Char Resolution Rouses House


re-elect yew char


     Yew Char, fifth district Democrat,who never fails to have his say on every subject and on occasion does that several times, stubbed his legislative toes quite seriously at Monday's session and to such an extent that a demand that he apologize was made from the floor.

     The following resolution bearing his name, was read by Clerk Edward Woodward:

     "Whereas, the Republican party dominated the political situation continuously for many years in Hawaii; and

     "Whereas, the emblem of the said party is an elephant; and

     "Whereas, DAISY, the only elephant in Hawaii, having gone on a rampage and caused the death of its keeper; and

     "Whereas, because of the said rampage and death of its keeper the said DAISY has been shot and killed; and

     "Whereas, the great Republican party is now without an animal emblematic of the party; now, therefore, be it

     "Resolved, that the speaker of this house, appoint a committee consisting of the entire Democratic delegation to investigate and report to this house whether a Jack-Ass is a suitable animal to replace DAISY and serve as an emblem of the Republican party in Hawaii."

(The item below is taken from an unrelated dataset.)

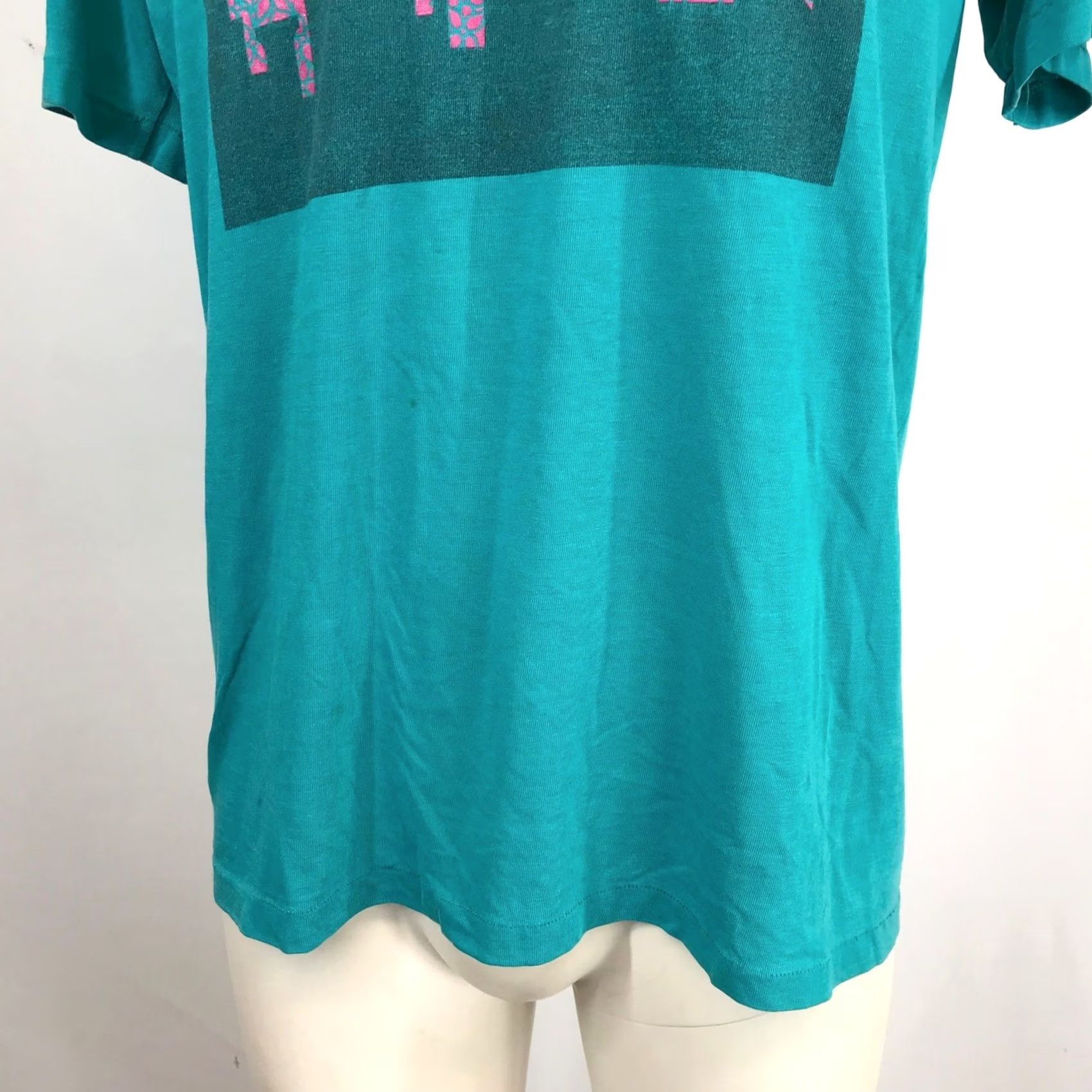 Nike VINTAGE Nike Bloomsday 84 Finisher T-Shirt Mens Teal Pink Single Stitch 80s Tee Size US L / EU 52-54 / 3 - 3 Thumbnail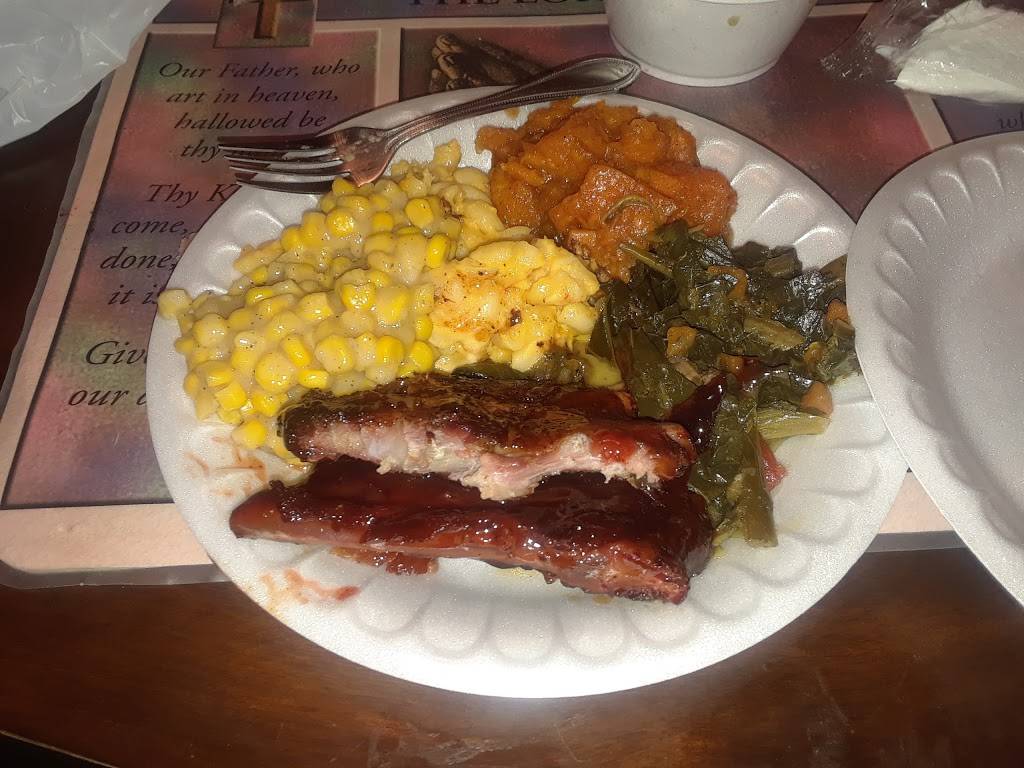 Uptown BBQ & Soulfood | restaurant | 15700 Livernois, Detroit, MI 48238, USA | 3138617590 OR +1 313-861-7590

     Consternation seemed to hold the members



of the house in its grip, while Yew Char smiled.

     Chairman Wichman of the finance committee moved that the resolution be tabled.

     Ezra Crane, with apparent heat, declared that Yew Char's resolution was in "mighty poor taste," considering that a widow was now held in the grip of deep grief because of the tragedy that had resulted in the loss of her husband. He seconded Wichman's motion.

     Yew Char declared that it was a mistake, the offering of the resolution. He did not deny that it was his, but said that he had intended to ffer a different resolution. Later, in the day he offered a resolution out of respect to the late Senator Thomas J. Walsh of Montana.




     The offending resolution was tabled on a showing of hands.

     Shortly before adjournment, Francis K. Aona of West Hawaii moved that the house reconsider its action in regard to the resolution and demanded that Yew Char apologize for his action. This carried.

     "I make my political apology to the opposition party," Yew Char declared, still smiling.

     The resolution was withdrawn and all reference to it was expunged from the record.

     "I am sorry my fellow-members cannot take a harmless joke like that," Yew Char explained after the close of the day's session.



Honolulu Advertiser, Page 9, March 07, 1933.